Plant Growth Regulators in
Weed Abstracts (List of common
names and abbreviations employed for
currently used herbicides and plant growth
In addition, non-phytotoxic agents, such as in particular wetting agents, emulsifiers, Solvents and oily additives can be used.The active substances according to the invention or their mixtures are added to liquid and/or solid carriers or diluents and optionally wetting agents, adhesives, emulsifying and/or dispersing agents. and dosage forms, e.g. powders, dusting powders, granules,
It is advantageous to use them in the form of solutions, emulsions or suspensions. Suitable liquid carriers are, for example, water, aliphatic and aromatic hydrocarbons such as benzole, toluol, xylol, cyclohexanone, isophorone, dimethyl sulfoxide, dimethyl formamide, and also mineral oil fractions. Suitable solid carriers are mineral earths, such as tonesil, silica gel, talc, kaolin, attack clay, limestone, silicic acid, and vegetable products, such as flour. Examples of surface-active substances include calcium lignin sulfonate, polyoxyethylene-alkyl phenol ether, naphthalene sulfonic acid and its salts, phenolsulfonic acid and its salts, formaldehyde condensates, fatty alcohol sulfates, and substituted benzene sulfonic acids and their salts. It is. The amounts of the respective active substances in the various dosage forms can vary within wide limits. For example, the medicament may contain about 10-80% by weight of active substance, 90-20% by weight of liquid or solid carrier and optionally up to 20% by weight of surface-active substance. Spraying of this agent is carried out in a conventional manner, for example, using water as a carrier at a spray volume of about 100 to 1000/ha. It is likewise possible to apply this drug in the so-called low-volume or ultra-low-volume method, as well as in the form of so-called microgranules. For the preparation of the preparation, the following ingredients are used, for example: A. Spraying powder (a) Active substances 80% by weight Kaolin 15% by weight Surfactants (based on the sodium salt of N-methyl-N-oleyl-taurine and the calcium salt of ligninsulfonic acid) 5% by weight (b) Active substances 50% by weight Clay minerals 40% by weight Serpitz 5% by weight Surfactants (based on mixtures of calcium salts of lignosulfonic acid and alkylphenol polyglycol ethers) 5% by weight (c) Active substances 20% by weight Clay Minerals 70% by weight Serpitz 5% by weight Surfactants (based on a mixture of calcium salts of lignosulfonic acid and alkylphenol polyglycol ethers) 5% by weight (d) Active substances 5% by weight Tonesil 80% by weight Serpitz 10% by weight % surfactants (based on fatty acid condensation products)

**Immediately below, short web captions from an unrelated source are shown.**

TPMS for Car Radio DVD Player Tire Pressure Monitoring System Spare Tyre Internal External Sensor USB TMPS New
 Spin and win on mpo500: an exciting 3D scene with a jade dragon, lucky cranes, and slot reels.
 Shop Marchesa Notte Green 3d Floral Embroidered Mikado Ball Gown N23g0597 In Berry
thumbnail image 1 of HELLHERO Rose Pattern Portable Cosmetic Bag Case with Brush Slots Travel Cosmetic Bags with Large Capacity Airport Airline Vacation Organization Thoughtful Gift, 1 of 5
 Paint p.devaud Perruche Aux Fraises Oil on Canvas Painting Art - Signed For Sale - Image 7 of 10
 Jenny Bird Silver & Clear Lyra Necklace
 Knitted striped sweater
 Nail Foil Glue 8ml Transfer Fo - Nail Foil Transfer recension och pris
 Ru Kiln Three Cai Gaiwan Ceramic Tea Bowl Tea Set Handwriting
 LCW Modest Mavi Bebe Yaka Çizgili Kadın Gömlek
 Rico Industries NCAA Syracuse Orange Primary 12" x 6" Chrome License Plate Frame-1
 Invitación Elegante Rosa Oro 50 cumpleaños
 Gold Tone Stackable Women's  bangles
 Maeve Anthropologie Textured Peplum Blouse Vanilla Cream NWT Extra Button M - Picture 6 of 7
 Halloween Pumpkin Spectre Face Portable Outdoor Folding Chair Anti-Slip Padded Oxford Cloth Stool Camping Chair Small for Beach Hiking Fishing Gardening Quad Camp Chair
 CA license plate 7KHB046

5% by weight B Emulsion concentrate active substance 20% by weight Xylol 40% by weight Dimethyl sulfoxide 35% by weight Nonylphenylpolyoxyethylene or mixture of calcium dodecylbenzenesulfonate
5% by weight C Paste active substance 45% by weight Sodium aluminum silicate 5% by weight Cetyl polyglycol ether with 8 moles of ethylene oxide 15% by weight Spindle oil 2% by weight Polyethylene glycol 10% by weight Water 23 parts The new compounds according to the invention can be used, for example, in general formula It is produced by reacting the compound [wherein Z represents the above] with a carboxylic acid anhydride, optionally in the presence of a catalyst, and isolating the desired target compound by a method known per se. The starting material 28-methyl-bratusinolide is prepared, for example, from stigmamasterin, as described in Steroids Vol. 39, p. 89 (1982). The following examples provide details regarding the preparation of the compounds of the present invention. Example 1 2α・3α・22S・23S-tetrahydroxy-
1 g of 24-ethyl-7-oxa-B-homo-5α-cholestan-6-one was dissolved in 10 ml of pyridine, cooled to 0°C, and 0.5 ml of acetic anhydride was added.
Stir at 0°C for 5.5 hours. Thereafter, it is precipitated out in ice water, the product is filtered off with suction, washed with water, dried and chromatographed on silica gel. After recrystallization from acetone/hexane, 2α-acetoxy-3α・22S・23S− has a melting point of 125°C.
Trihydroxy-24-ethyl-7-oxa-B-
810 mg of homo-5α-cholestan-6-one are obtained. Example 2 2α・3α・22S・23S-tetrahydroxy-
1 g of 24-ethyl-7-oxa-B-homo-5α-cholestan-6-one was dissolved in 10 ml of pyridine, cooled to 0°C, mixed with 1 ml of acetic anhydride and heated to 0°C.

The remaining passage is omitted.